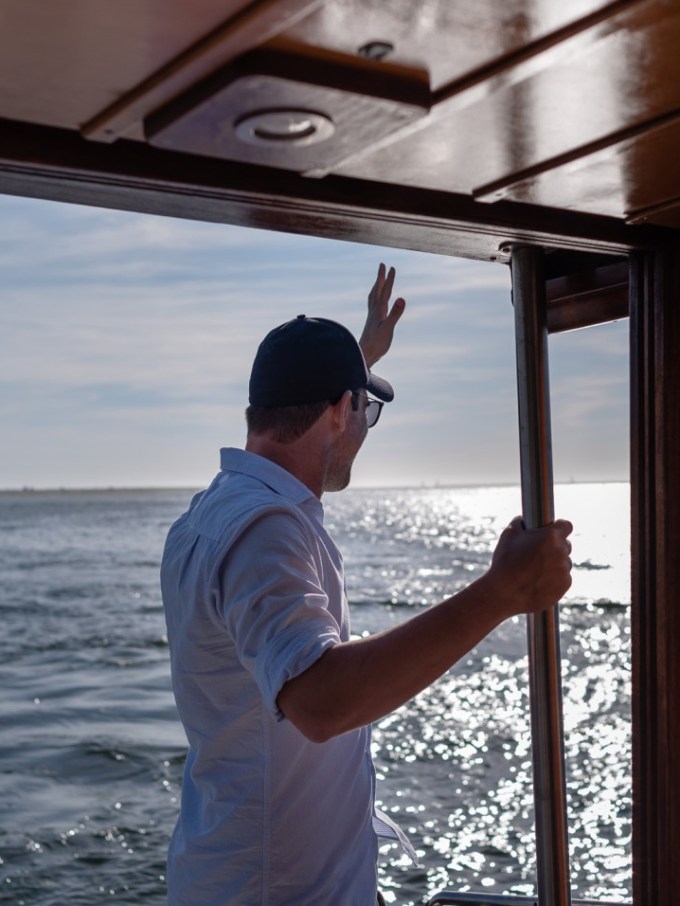 a man standing next to a body of water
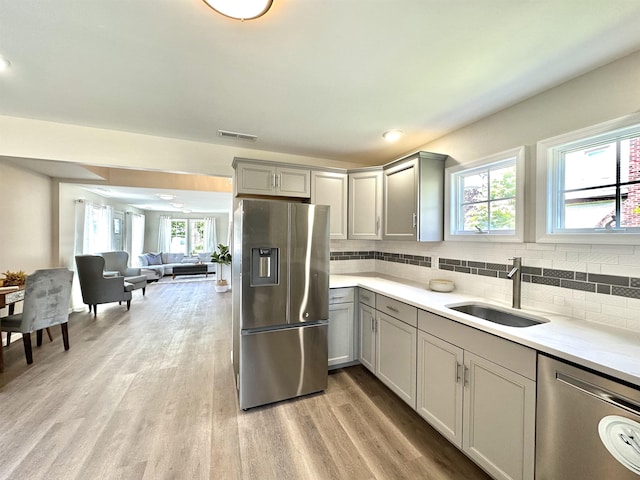 kitchen with sink, a healthy amount of sunlight, gray cabinets, appliances with stainless steel finishes, and light wood-type flooring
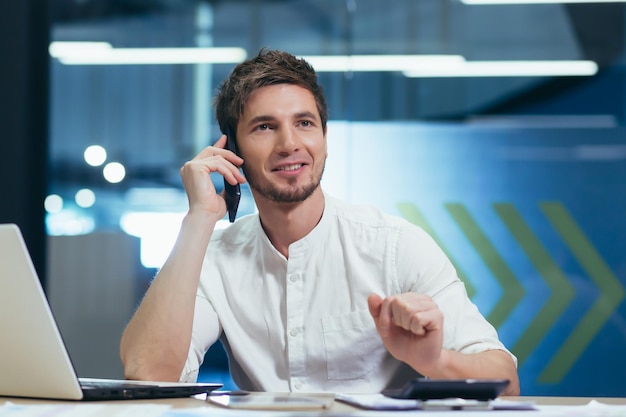 Young handsome man specialist working in the office at the desk Talking on a mobile phone with customers with bank with business partners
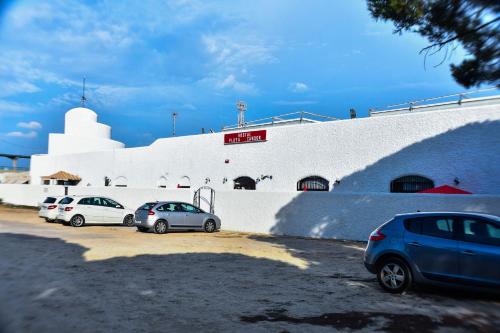 three cars parked in a parking lot in front of a building at Hostal Playa Candor in Rota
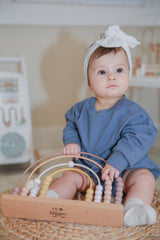 The Marley Organic Bubble Romper | Cornflower by The Honey and Bro Co. - Lifestyle View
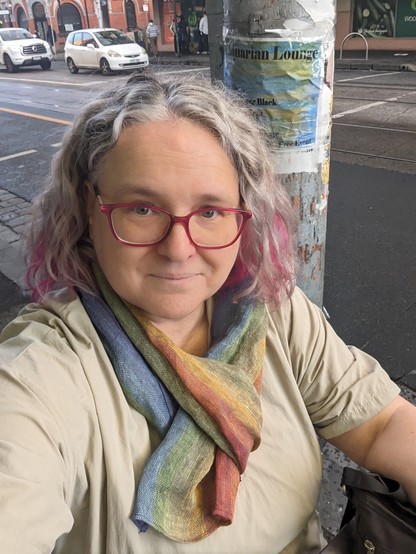 Selfie of a person with curly silver & pink hair, a rainbow linen scarf, & pink glasses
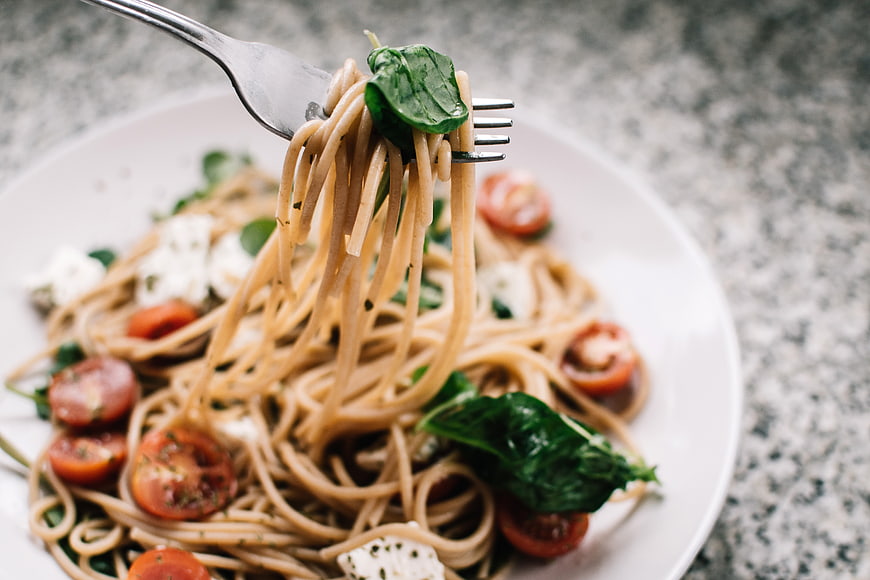 Fork twirling spaghetti with cherry tomatoes and basil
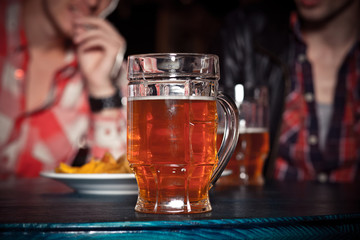 Glass of light beer on a dark pub.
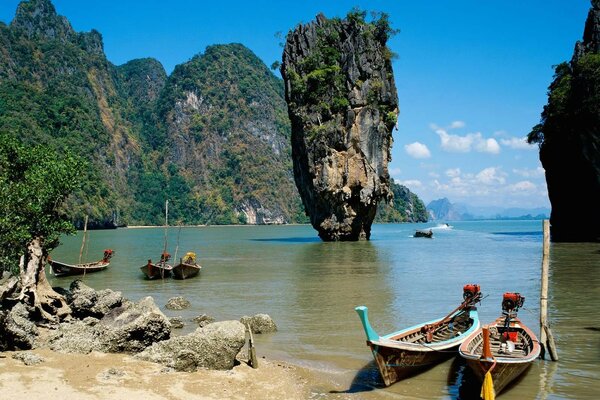 Parked boats in the ocean among the rocks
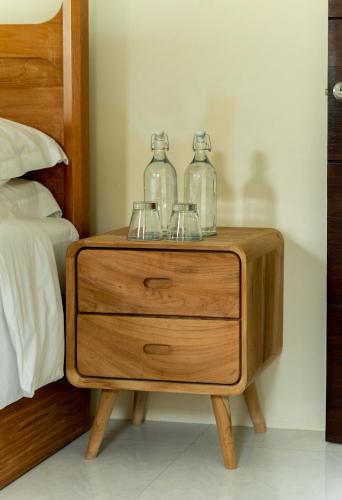 a wooden night stand with two glass jars on it at The Cove in Panwa Beach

**Exercise directions**
Pictures excluded, reproduce only the part above that opens with the line holding "Young handsome man" and closes with the line holding "Parked boats in the ocean among the rocks", exactly as written.

**Your solution**
 Young handsome man specialist working in the office at the desk Talking on a mobile phone with customers with bank with business partners
 three cars parked in a parking lot in front of a building at Hostal Playa Candor in Rota
 The Marley Organic Bubble Romper | Cornflower by The Honey and Bro Co. - Lifestyle View
 Selfie of a person with curly silver & pink hair, a rainbow linen scarf, & pink glasses
 Fork twirling spaghetti with cherry tomatoes and basil
 Glass of light beer on a dark pub.
 Parked boats in the ocean among the rocks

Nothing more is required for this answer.